『鬼滅の刃 ヒノカミ血風譚』は本当にクソゲーなのか…“ゲームだと思わない”と評価が逆転?

『鬼滅の刃 ヒノカミ血風譚』は本当にクソゲーなのか…“ゲームだと思わない”と評価が逆転?

『鬼滅の刃』1巻(吾峠呼世晴/集英社)

『週刊少年ジャンプ』を代表するヒット作として、老若男女から愛されている『鬼滅の刃』。昨年10月には待望のゲーム化を果たしたが、ネット上では《クソゲー》との呼び声も高い。果たしてその評価は妥当なのか、客観的に検証してみよう。

ゲーム『鬼滅の刃 ヒノカミ血風譚』は、アニメ「鬼滅の刃」で描かれた物語を、プレイヤーに追体験させてくれるアクションゲーム。炭治郎をメインに操るソロプレイモードのほか、さまざまなキャラクターで戦えるバーサスモードも用意されている。

開発を担当したのは、“伝説のクソゲー”と名高い『ジョジョの奇妙な冒険 オールスターバトル』を手掛けた「サイバーコネクトツー」。その悪評を引きずっているためか、ネット上では「ヒノカミ血風譚」についても《全手抜き! 手抜きの呼吸!》《ゲームとしては微妙》《近年まれにみる虚無ゲーだと思う》などと酷評されてしまっていた。

しかし、そんな風評を鵜呑みにしていいものだろうか。たとえば同作では老若男女のファン層に配慮するためか、操作が分かりやすく、イージーなゲーム性になっている。ゲーム初心者がやりがちな、いわゆる「バッタ戦法」でもそこそこ進められるのが美点と言えるだろう。もちろんコアなゲーム好きにとっては、それこそが“クソゲー要素”なのだが…。

「ゲームだと思わない」ことで評価が逆転

実際のところ同作の面白さは、ゲーム性以外の部分にある。まず原作ファンにとってたまらないのが、録り下ろしボイスを聴ける演出の数々。ゲーム内でとあるアイテムを集めると、紙芝居のようにアニメのワンシーンを見られるのだ。
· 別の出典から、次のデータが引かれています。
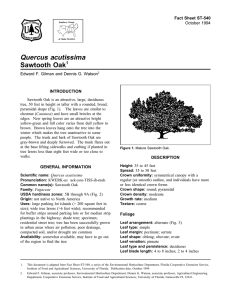 Quercus acutissima Sawtooth Oak Fact Sheet ST-540 1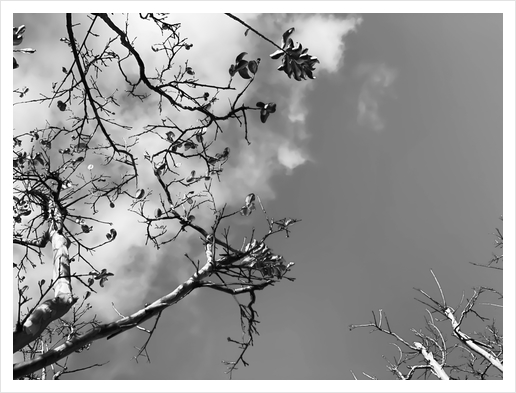 tree branches with clouds and sky background in black and white Art Print by Timmy333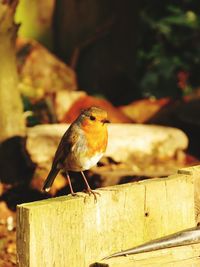 Robin bird perching on wooden fence during sunny day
さらに激推ししたいのは、ストーリーモードでプレイ中に猗窩座が登場する直前。あえて詳しく触れないでおくが、鬼を目にして“背筋が凍る”という体験を、身をもって体感させられてしまうだろう。

また、原作の追体験という面でもさまざま工夫が凝らされている。なにより驚かされるのは、炭治郎の“長男ムーブ”を体験させてくれるシーンだ。厭夢に見せられた夢の中で、プレイヤーは炭治郎を操り、風呂用の「水汲み」を行うことになる。
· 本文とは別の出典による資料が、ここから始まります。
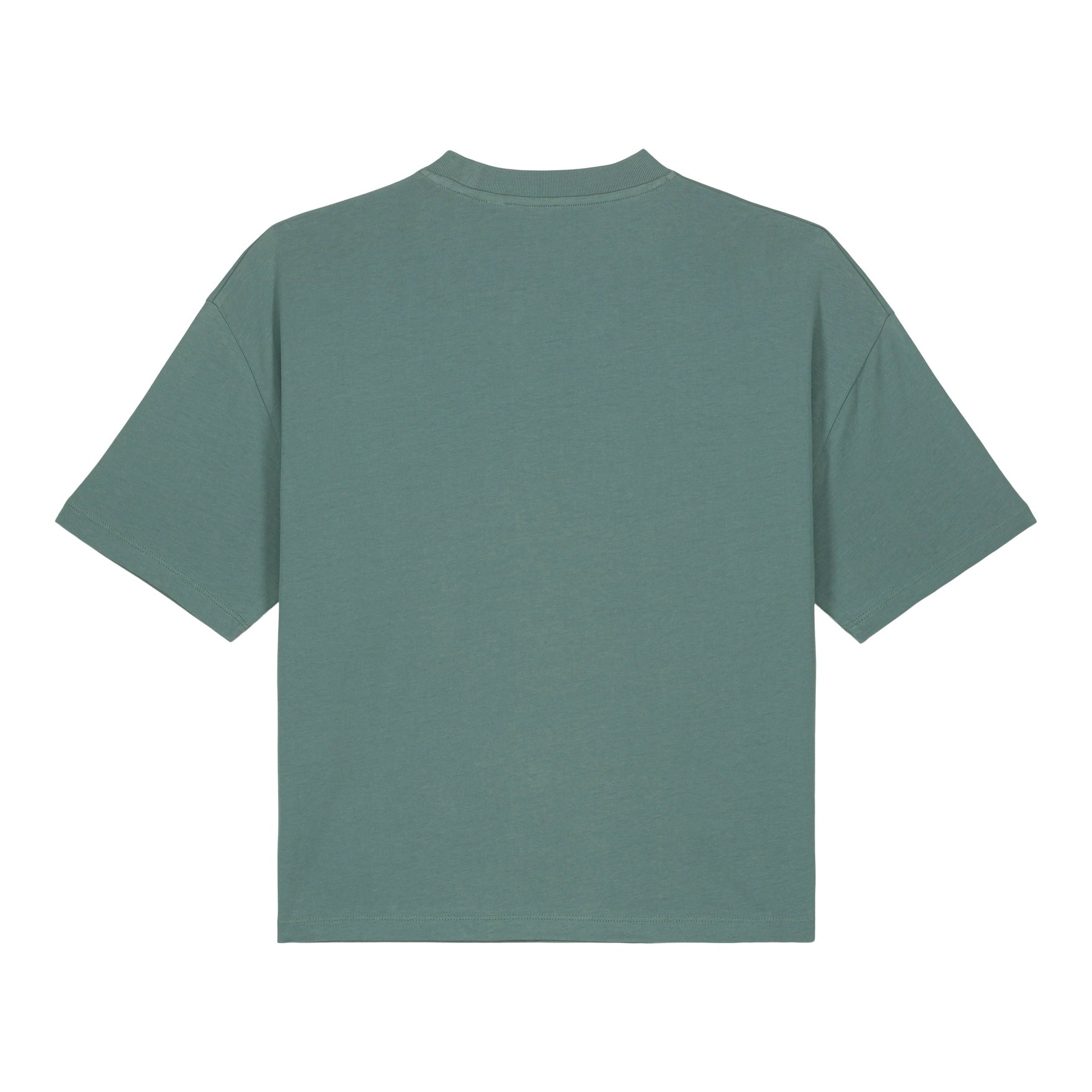 Stanley/Stella Women's Stella Nova Boxy T-Shirt (Sttw175)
ムービーを見ていると、突然両手に桶を持った炭治郎の後ろ姿が登場。画面上のタスクには、「水を汲みに行け」という指示が出てくる。本当にこの動作が必要なのかと疑問が湧いてくるが、妹たちが「おにいちゃん、はやくはやく!」と急かしてくるので、行動しないわけにもいかない。ややシュールな演出ではあるが、炭治郎の気持ちに寄り添いたいファンにはたまらないはずだ。

格闘ゲームとしての出来は確かに低いかもしれないが、原作のおまけとしてはこれ以上ないクオリティー。家族や友達と一緒にツッコミながらプレイしてみてはいかがだろうか。